(SUPPLIED DATA begins)

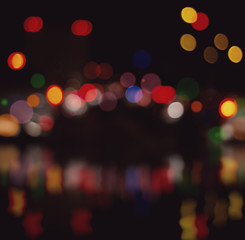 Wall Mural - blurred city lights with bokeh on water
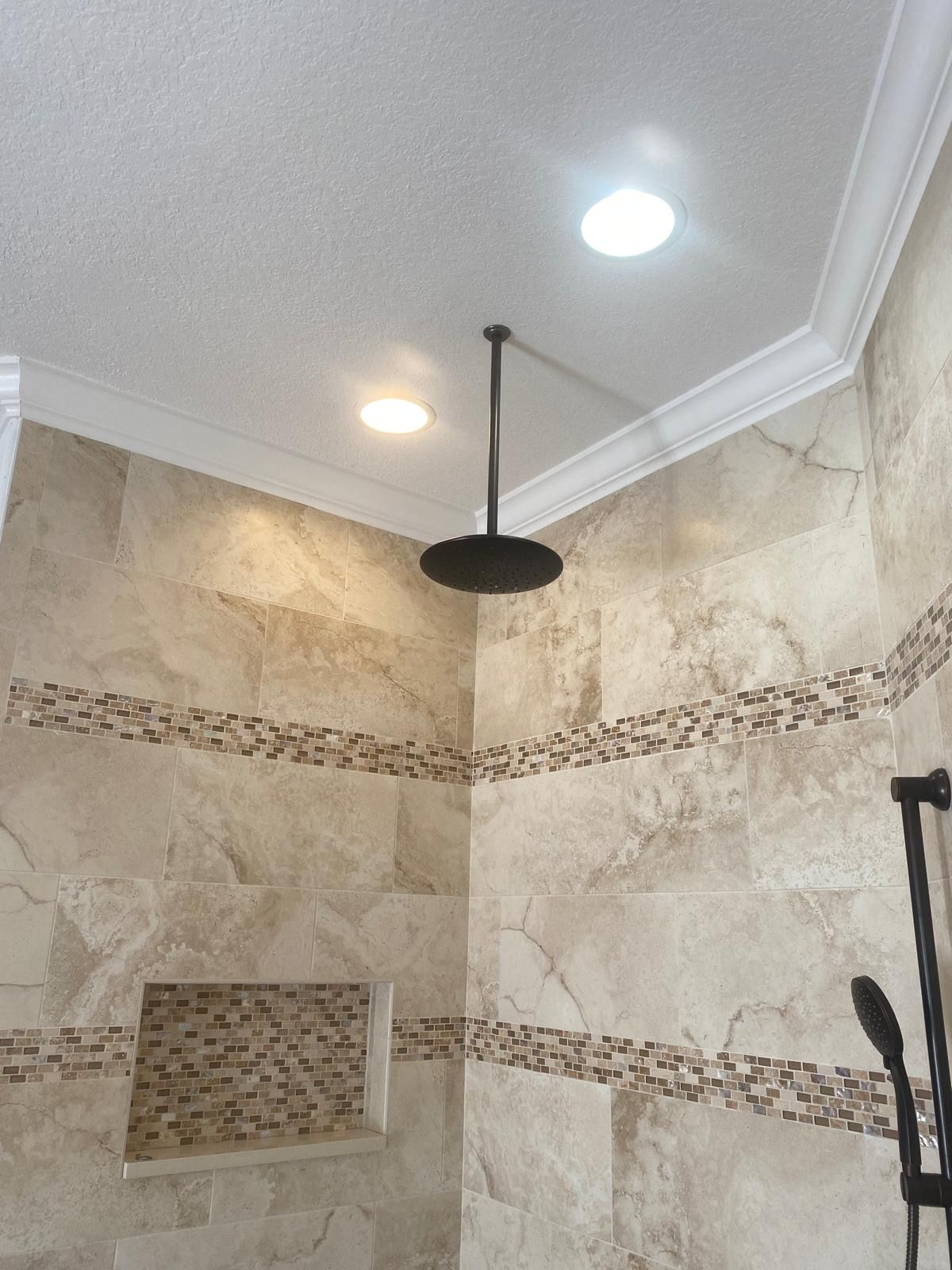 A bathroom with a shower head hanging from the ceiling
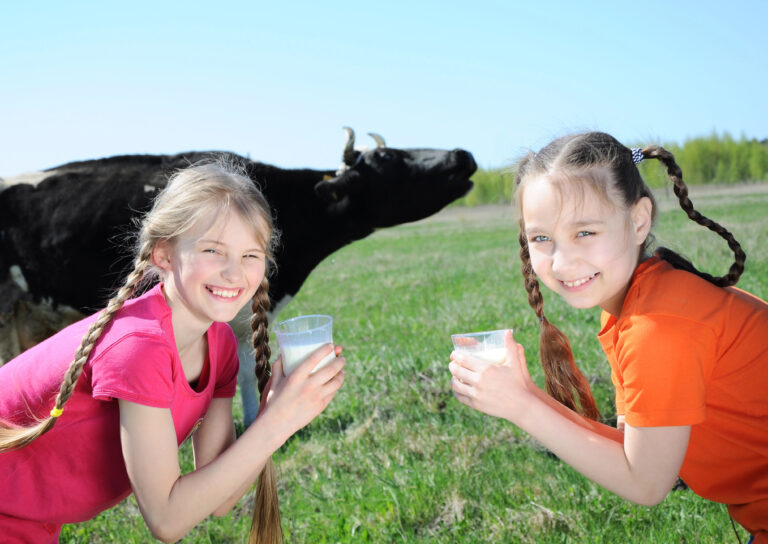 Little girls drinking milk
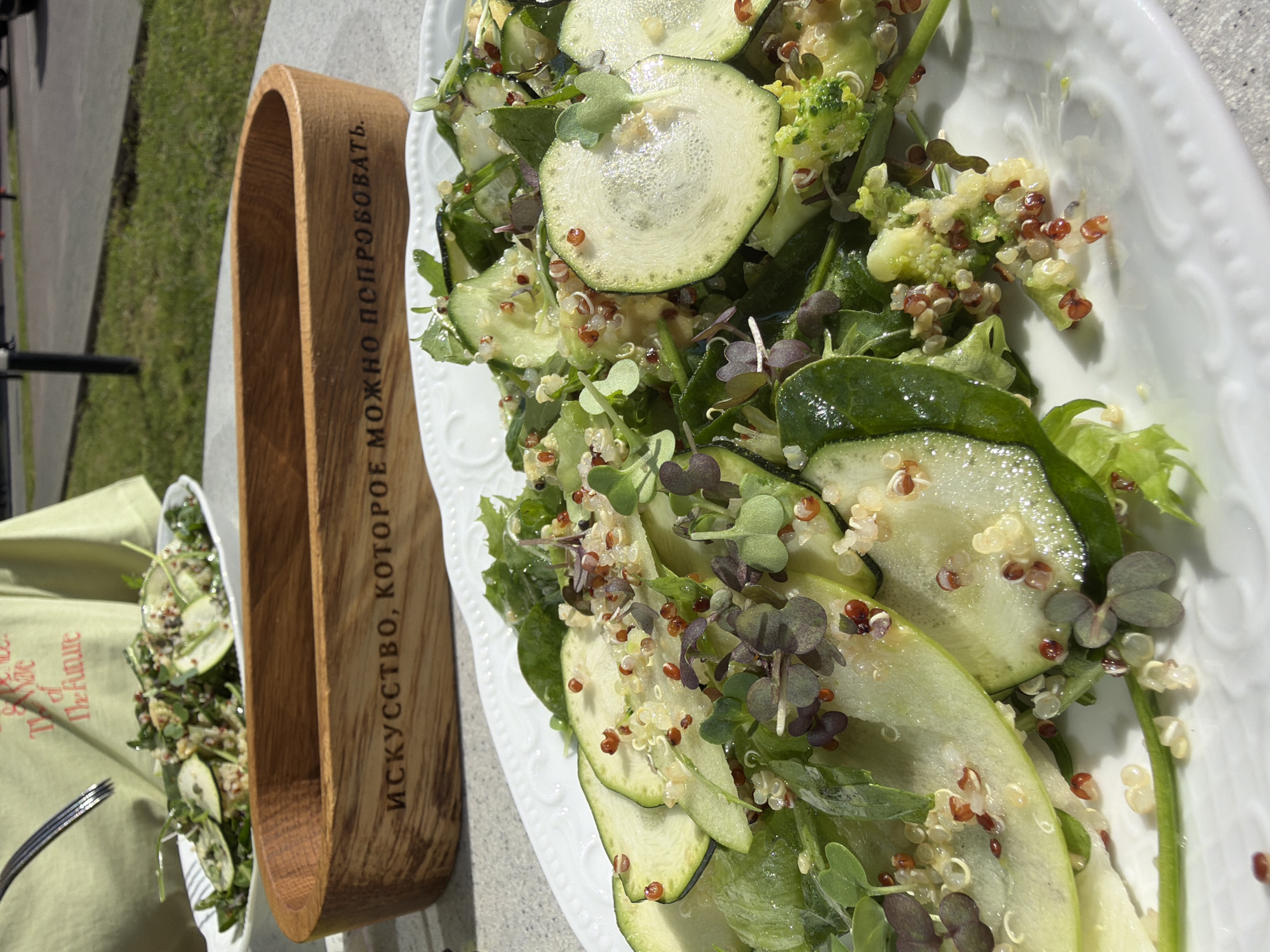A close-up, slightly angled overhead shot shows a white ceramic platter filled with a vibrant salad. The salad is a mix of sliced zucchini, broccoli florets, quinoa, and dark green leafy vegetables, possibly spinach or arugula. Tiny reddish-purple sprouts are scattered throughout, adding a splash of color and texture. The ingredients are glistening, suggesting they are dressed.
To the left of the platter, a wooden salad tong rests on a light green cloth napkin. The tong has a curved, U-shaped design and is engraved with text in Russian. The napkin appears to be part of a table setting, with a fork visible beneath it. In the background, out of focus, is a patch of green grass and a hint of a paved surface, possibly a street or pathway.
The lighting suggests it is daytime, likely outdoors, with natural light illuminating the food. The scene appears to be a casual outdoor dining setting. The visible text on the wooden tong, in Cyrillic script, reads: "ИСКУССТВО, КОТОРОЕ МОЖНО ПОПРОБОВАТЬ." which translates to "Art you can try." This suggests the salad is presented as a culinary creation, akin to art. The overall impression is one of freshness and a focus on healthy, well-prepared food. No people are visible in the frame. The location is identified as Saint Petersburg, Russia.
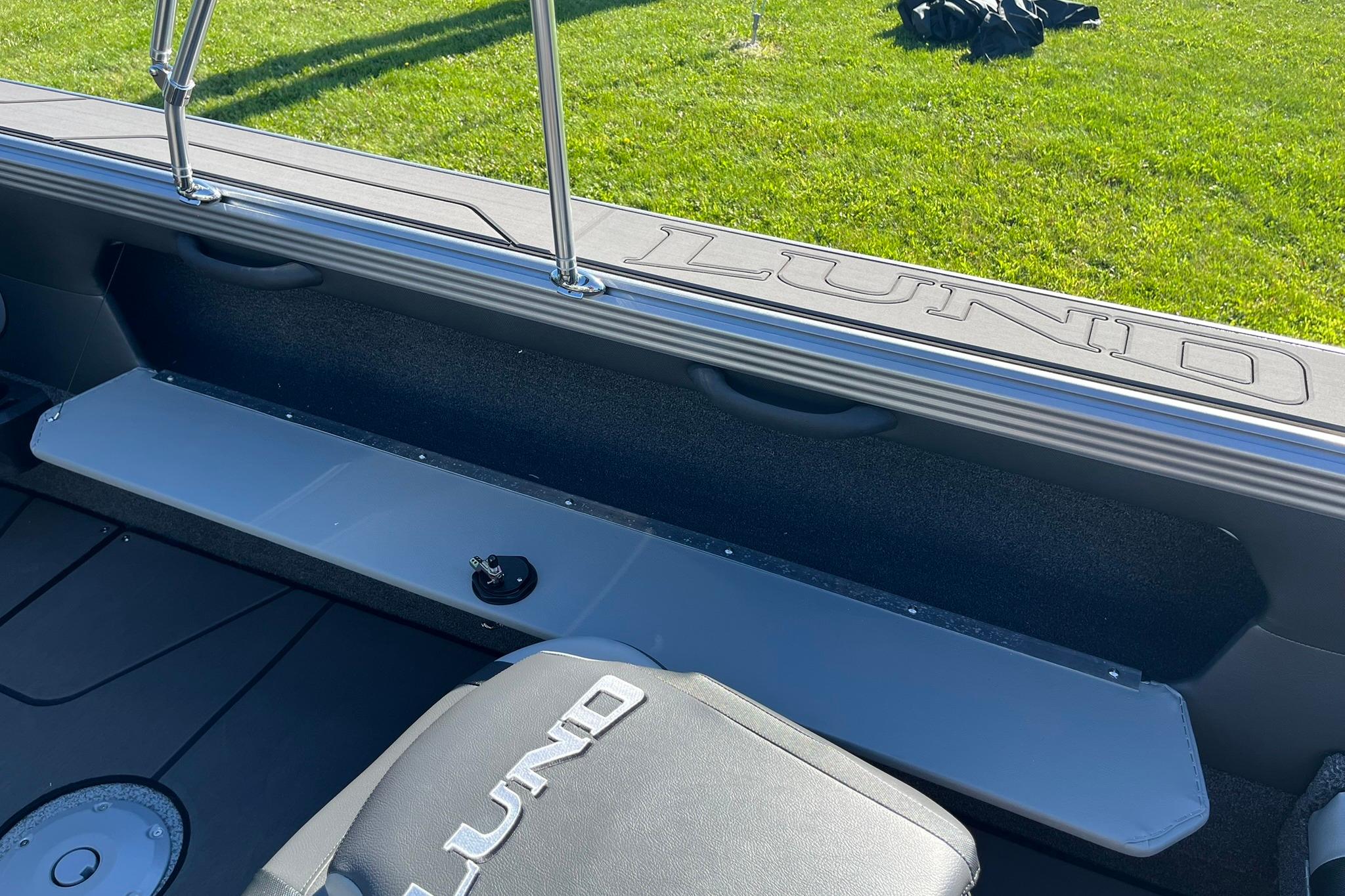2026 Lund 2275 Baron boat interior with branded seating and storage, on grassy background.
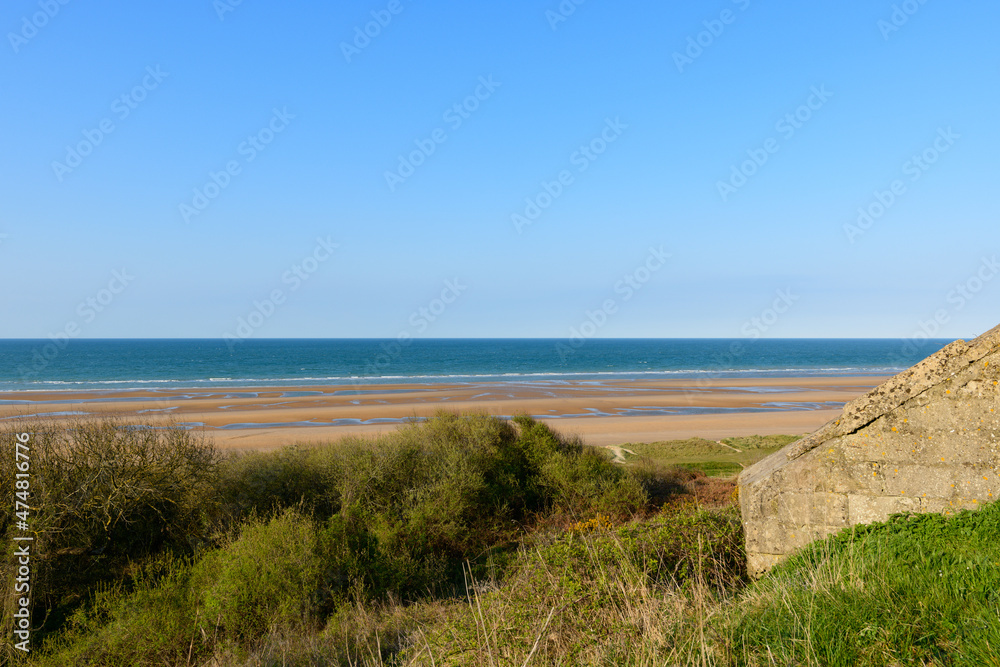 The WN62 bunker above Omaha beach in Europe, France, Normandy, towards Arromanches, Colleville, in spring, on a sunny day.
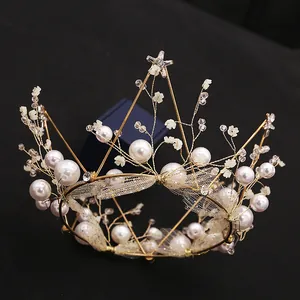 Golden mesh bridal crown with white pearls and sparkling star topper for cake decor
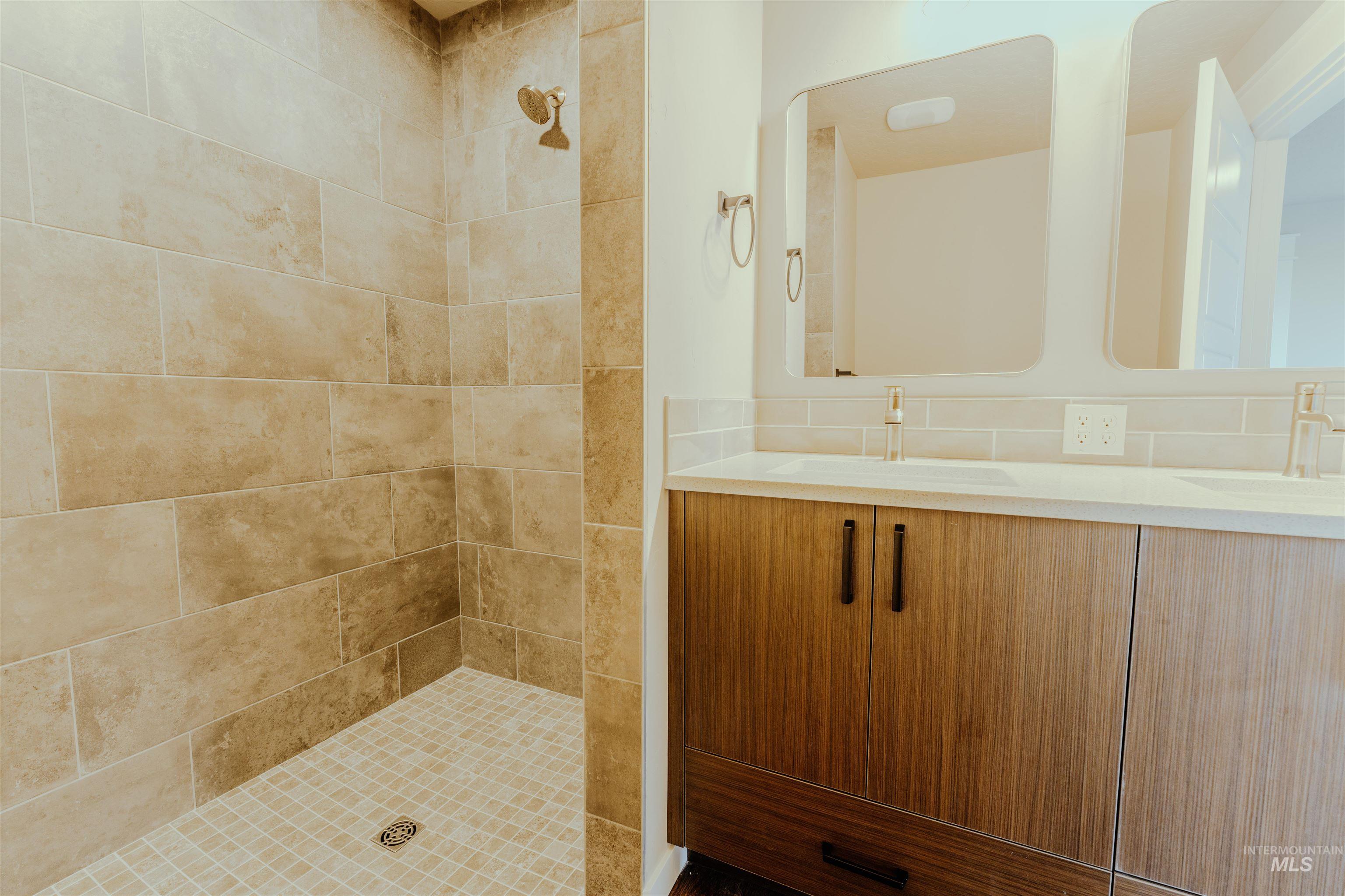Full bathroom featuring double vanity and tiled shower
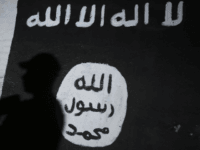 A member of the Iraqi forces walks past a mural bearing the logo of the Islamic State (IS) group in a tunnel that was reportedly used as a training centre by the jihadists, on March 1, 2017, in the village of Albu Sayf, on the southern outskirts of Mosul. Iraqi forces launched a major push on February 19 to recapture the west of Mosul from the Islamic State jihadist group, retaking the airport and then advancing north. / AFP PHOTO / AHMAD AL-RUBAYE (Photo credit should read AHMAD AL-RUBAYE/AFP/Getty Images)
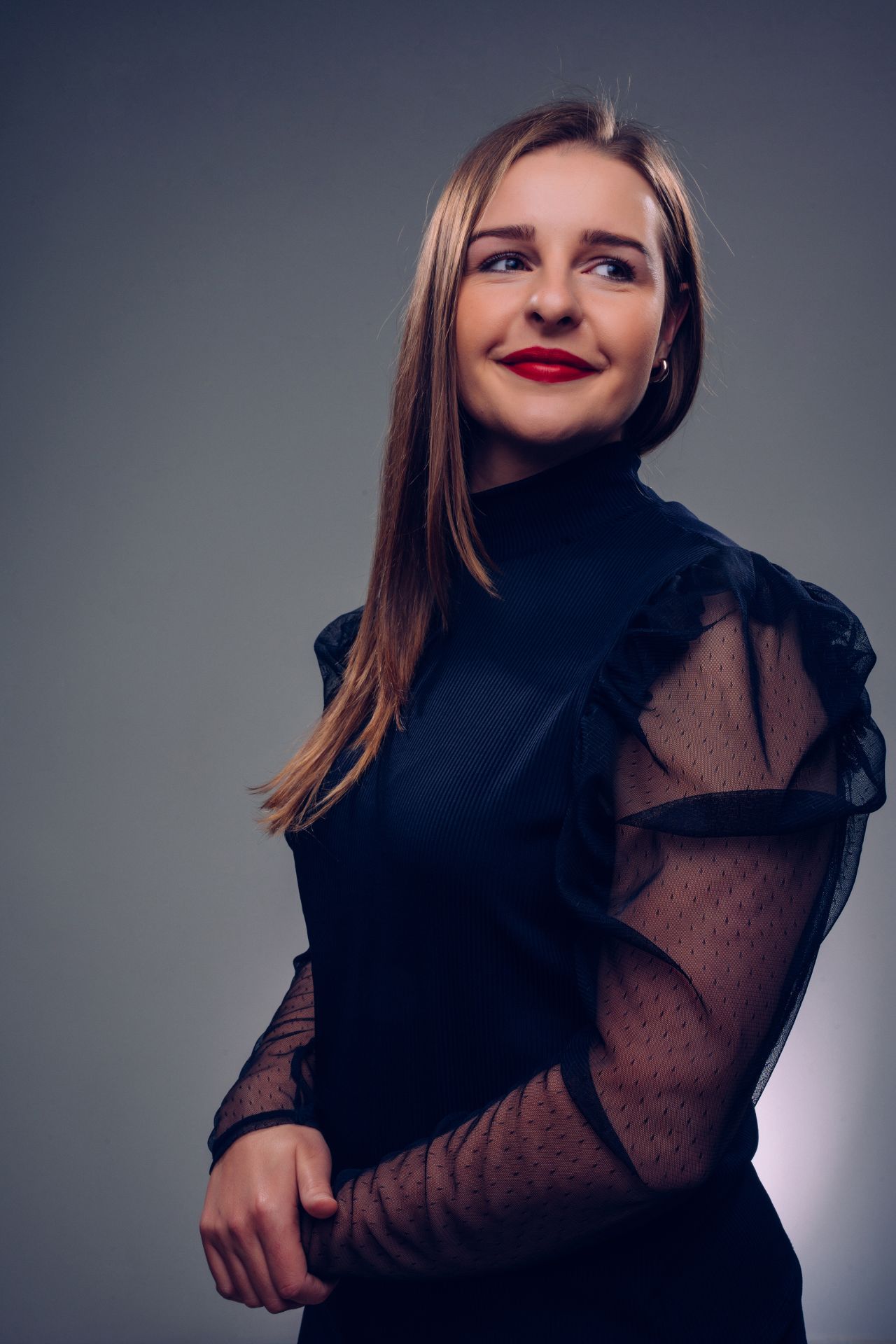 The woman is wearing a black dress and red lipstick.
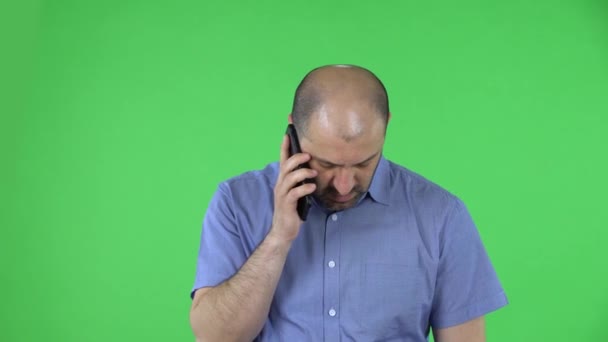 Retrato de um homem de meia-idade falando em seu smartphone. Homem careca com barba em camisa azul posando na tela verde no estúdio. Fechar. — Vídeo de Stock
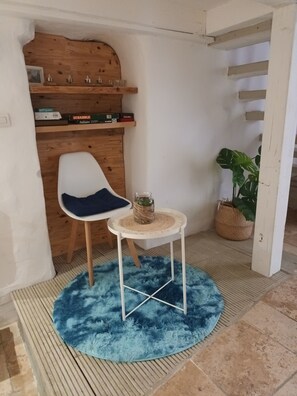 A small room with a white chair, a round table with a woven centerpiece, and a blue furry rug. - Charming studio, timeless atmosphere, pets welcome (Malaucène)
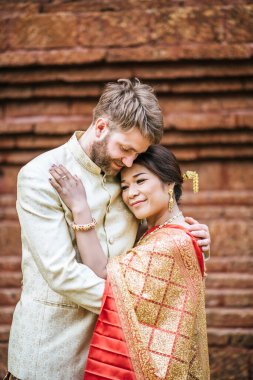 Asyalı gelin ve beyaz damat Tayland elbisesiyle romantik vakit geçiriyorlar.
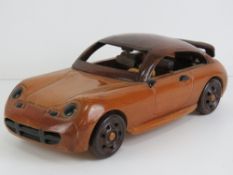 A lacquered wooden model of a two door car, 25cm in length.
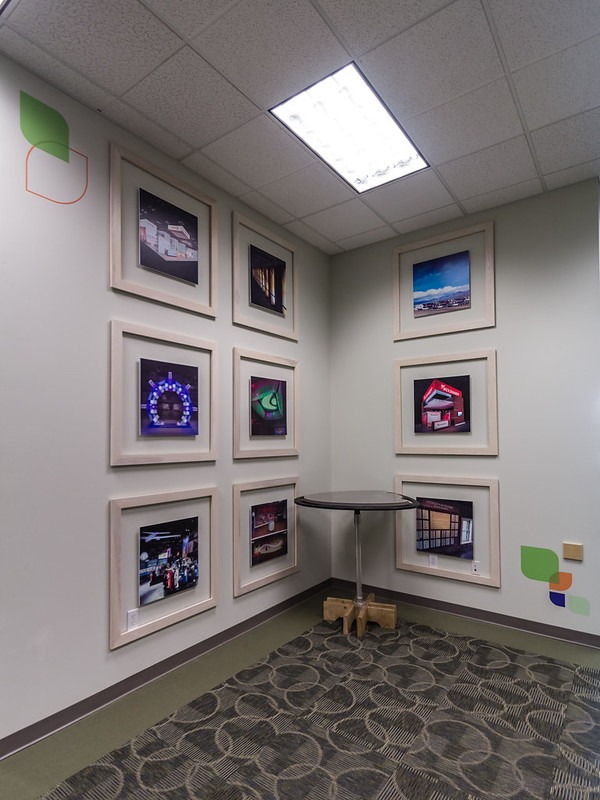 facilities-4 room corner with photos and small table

(SUPPLIED DATA ends)

**THE TASK:** Using the entries above, reproduce word for word only the lines from the one that contains "The woman is" to the one that contains "A lacquered wooden", both ends included, and drop every picture.

**RESPONSE TO THE EXERCISE:**
 The woman is wearing a black dress and red lipstick.
 Retrato de um homem de meia-idade falando em seu smartphone. Homem careca com barba em camisa azul posando na tela verde no estúdio. Fechar. — Vídeo de Stock
 A small room with a white chair, a round table with a woven centerpiece, and a blue furry rug. - Charming studio, timeless atmosphere, pets welcome (Malaucène)
 Asyalı gelin ve beyaz damat Tayland elbisesiyle romantik vakit geçiriyorlar.
 A lacquered wooden model of a two door car, 25cm in length.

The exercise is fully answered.